> **Assignment**
Below, find the line containing "Westin Spotty Rig Fins UV Orange XL 16pcs" and the line containing "Couteau Otter Levin chêne fumé"; reproduce exactly those two and every line between them, omitting pictures.

> **Extracted material**
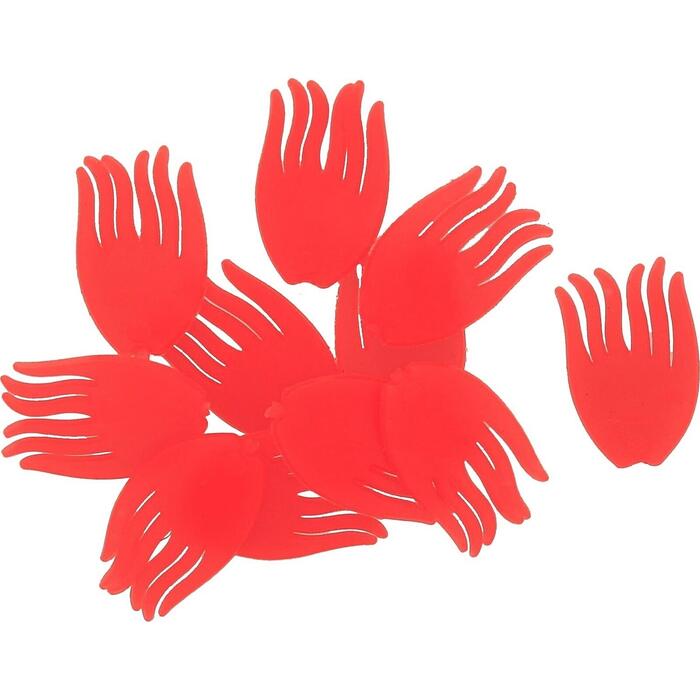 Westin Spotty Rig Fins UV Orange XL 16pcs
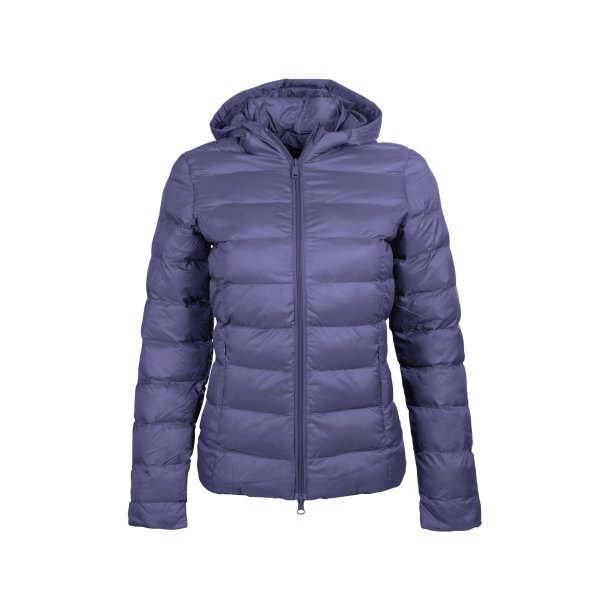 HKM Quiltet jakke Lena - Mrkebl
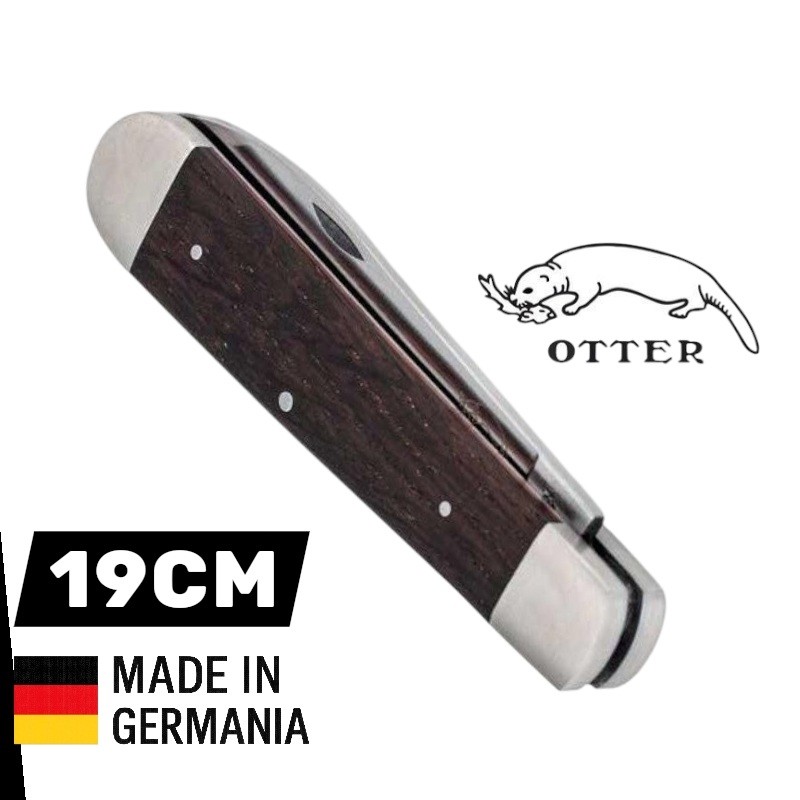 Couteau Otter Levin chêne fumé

...

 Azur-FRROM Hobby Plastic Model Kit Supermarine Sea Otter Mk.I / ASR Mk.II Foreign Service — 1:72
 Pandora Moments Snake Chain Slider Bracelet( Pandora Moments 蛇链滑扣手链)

> **Answer to this exercise**
 Westin Spotty Rig Fins UV Orange XL 16pcs
 HKM Quiltet jakke Lena - Mrkebl
 Couteau Otter Levin chêne fumé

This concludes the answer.